Something Smaller, This Way Comes...

One of the most persistent requests we’ve received over the years has been remarkably simple on paper:

“Will Arcanaut ever make another case size?”

The answer has always been yes.

But “yes” in watchmaking is rarely immediate.

From the outside, creating a new stainless steel case can appear deceptively straightforward. Make it a little smaller. A little larger. Adjust a few measurements. Send the files to production. Done.

In reality, a new case platform is one of the most demanding projects an independent watch company can undertake.
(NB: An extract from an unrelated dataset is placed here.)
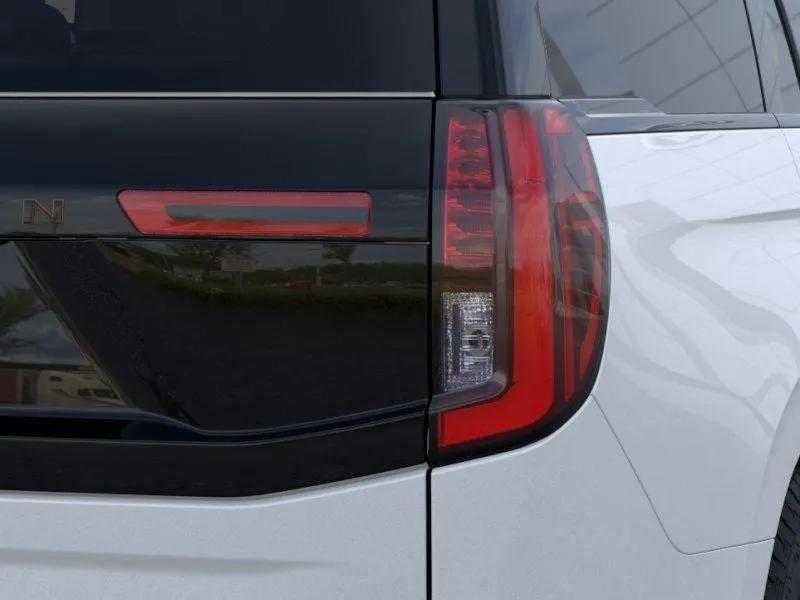 2026 Ford Expedition Tremor®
Every dimension of a watch exists in dialogue with another. Change the diameter, and lug curvature behaves differently. Alter thickness, and the visual weight shifts. Adjust bezel width by half a millimetre, and the crystal suddenly catches light in an entirely different way. Even the ergonomics of the crown, the balance of the case flanks, and the perceived depth of the dial can change massively despite the adjustments being microscopic.

And stainless steel is unforgiving. Okay, not as brutal to work with as titanium, platinum, or (shudders) tantalum, but it's tougher than working with paper. Trust us. We've tried*.
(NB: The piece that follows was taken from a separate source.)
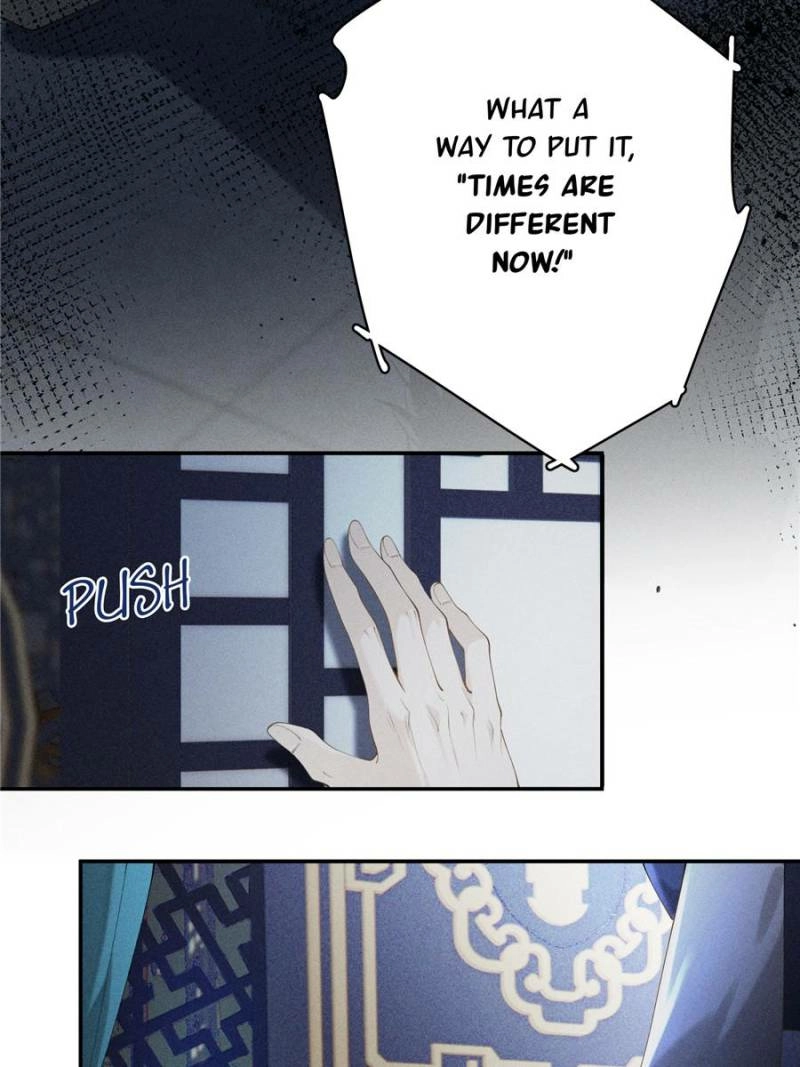 Read Venomous Empress Reborn chapter 1 image 14 on Lezhin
*We also tried making a case out of paper — water resistance was shit.

Before a single finished case exists, the process begins with countless hours of CAD modelling, engineering calculations, and tolerance analysis. Then come the prototypes. Usually several rounds of them.
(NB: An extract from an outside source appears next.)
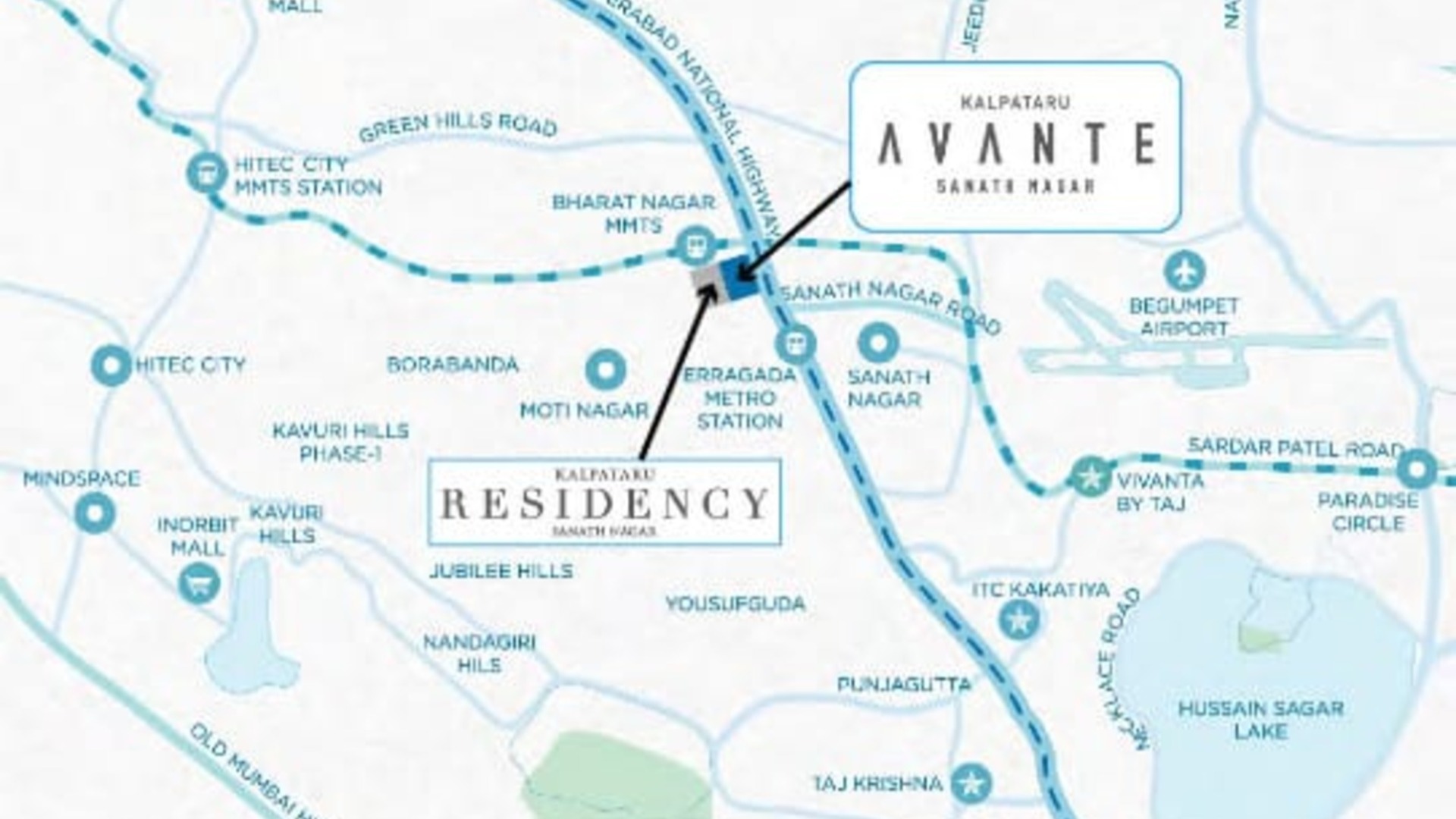 kalpataru-avante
An early prototype may only exist to evaluate proportions on the wrist. These days, we can at least 3D print these (which is a Godsend), but even that process (mostly done externally) has its foibles.

The next round of prototypes is created to test machining feasibility. Once that's sorted, we move on to brushing transitions or the geometry of polished bevels. Sometimes a case looks perfect digitally, only to feel visually heavy once cut in steel. Sometimes the opposite happens. Sometimes a tiny surface transition that appears insignificant on a rendering becomes completely unacceptable under macro photography and direct light.

Then there are the technical realities beneath the surface.

Gasket tolerances must be tested repeatedly to ensure water resistance. Crystal seating tolerances often require adjustment measured in hundredths of a millimetre. Finishing techniques must be adapted to new geometries to maintain consistency across every visible surface.

None of this happens quickly.

A single prototype cycle for a stainless steel case can take weeks, months, sometimes more than a year depending on tooling availability, machining schedules, finishing revisions, and assembly testing. Multiply that across several iterations, and the timeline stretches far beyond what most people imagine when they hear the phrase “new case size.”

But this process matters.

Because whatever we do, we want to do it well.

We owe that to ourselves, but even more so to you — the people who have joined us along this journey and kept us in the game.

The encouraging part is that this project has also changed the way we work internally. Over the past year, we’ve refined our development pipeline, strengthened relationships with manufacturing partners, and built a more agile prototyping process that allows us to move from concept to creation with greater speed and precision than ever before.

That doesn’t mean we will rush.

It means we can continue to do what we do best: experiment!

More proportions. More ideas. More platforms. More expressions of what Arcanaut can become.

The next case is only the beginning.